CcaS (BBa_K592001) is a cyanobacteriochrome that gets activated by autophosphorylation. This is upregulated by green light (535nm). The activated CcaS phosphorylates its response regulator CCaR ( BBa_K592002) which then induces the promoter PcpcG2 (Hirose et al., 2008; Tabor et al., 2011). As Cph8 system, this light receptor also requires Phycocyanobilin to function. In addition, CcaS is inactivated in red light (672nm) allowing higher degree of control and fast response times. According to the experiments by Tabor et al. (2011), the promoter PcpcG2 showed only 2-fold induction in green light. The transcription response is somewhat linear to the light intensity of 0.01 W/m2 after which is rapidly saturates. Although CcaR and CcaS BioBricks are indeed available although the experiences of other iGEM teams were very few and poorly described.
YF1 Light Sensor
YF1 (BBa_K592004) is an engineered blue light (previous experiments in 430nm) sensor protein that consists of two initially separate domains, LOV domain (sensory domain) from YtvA and histidine kinase domain (effector domain) from FixL. This fusionprotein was designed and constructed by Möglich et al. (2009). YF1, nor it's precursors, do not exist naturally in E. coli nor reportedly interfere with indigenous E. coli genes but according to Möglich et al. (2009) the sensor works well in E. coli: it's capable of 70-fold supression of the target promoter when illuminated with blue light. The sensor does not require additional, foreign molecules in order to get activated by blue light. The gene is only 1132 bp long and it has been used by previous iGEM teams, including Uppsala 2011, STJU BioX Shanghai and Tokyo NoKoGen. Thus, we evaluated YF1 to be the most suitable for our three channel switch.
Based on the work of Möglich et al. (2009) we describe the mechanism of YF1 blue light sensor in greater detail. YF1 is a water soluble chimeric fusionprotein that contains two domains linked together with a Jα linker sequence. The N terminal domain is a flavin nucleotide binding LOV domain (light-oxygen-voltage, a sub group of PAS sensor domains) from Bacillus subtilis YtvA. This domain incorporates noncovalently flavin mononucleotide and blue light facilitates formation of a covalent bond with a cysteine residue of the LOV domain. This induces a conformational change in this light sensory domain.
The C terminal domain of YF1 is a histidine kinase, the FixL effector domain from Bradyrhizobium japonicum. The original protein, FixL, is involved in regulating the nitrate respiration and nitrate fixation. The histidine kinase functions only when it is phosphorylated. It has autophosphorylation activity that is regulated by the sensor domain. Autophosphorylated histidine kinase activates a FixJ (BBa_K592005) response regulator by transferring a phosphoryl group. However, when the histidine kinase domain is unphosphorylated, it has actually phosphatase activity for the response regulator. Phosphorylated FixJ binds to FixK2 promoter (BBa_K592006) initiating the expression of the corresponding genes. This system should be completely orthogonal in E. coli.
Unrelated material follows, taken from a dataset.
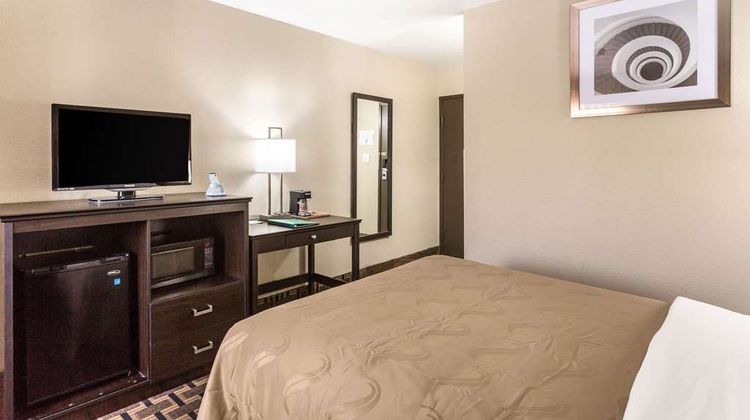 Quality Inn Salt Lake City Room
Möglich et al. (2009) proposed that the YF1 proteins form dimers. This would also bring the histdine kinase domains close to each other. It is proposed that the autophosphorylation actually work in trans within the dimer. They hypothesized the Jα helix linker to form a coiled coil with another YF1 protein. The linker would mediate the signal from the sensor domain to the effector domain inhibiting/enabling its kinase activity. The conformational change from the incorporated flavin domain is suggested to rotate the linker helix. The relative angle of the two domains greatly affect to the mechanism. If we add one amino acid to the Jα linker, the relative angle changes and the effect of the sensor domain is inverted: in presence of light the histidine kinase is active but in darkness, it is inactive. This presents interesting approaches and easy solution to invert the YF1 signal.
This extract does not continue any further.